- Records for processing:
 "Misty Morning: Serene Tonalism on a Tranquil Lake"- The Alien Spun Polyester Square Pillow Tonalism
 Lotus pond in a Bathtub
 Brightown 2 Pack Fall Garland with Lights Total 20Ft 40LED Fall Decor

--

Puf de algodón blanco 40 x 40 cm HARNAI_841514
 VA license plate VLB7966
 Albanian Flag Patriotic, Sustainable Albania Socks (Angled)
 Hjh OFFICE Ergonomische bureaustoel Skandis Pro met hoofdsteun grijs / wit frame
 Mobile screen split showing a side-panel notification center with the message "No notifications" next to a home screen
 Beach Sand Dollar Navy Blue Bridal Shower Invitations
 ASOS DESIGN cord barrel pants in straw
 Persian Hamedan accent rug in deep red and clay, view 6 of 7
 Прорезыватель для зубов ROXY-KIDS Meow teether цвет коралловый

- Task description: From the records above, extract exactly and only the lines that begin at the line with "Mobile screen split" and stop after the line with "Прорезыватель для зубов".

- Solution to the exercise:
 Mobile screen split showing a side-panel notification center with the message "No notifications" next to a home screen
 Beach Sand Dollar Navy Blue Bridal Shower Invitations
 ASOS DESIGN cord barrel pants in straw
 Persian Hamedan accent rug in deep red and clay, view 6 of 7
 Прорезыватель для зубов ROXY-KIDS Meow teether цвет коралловый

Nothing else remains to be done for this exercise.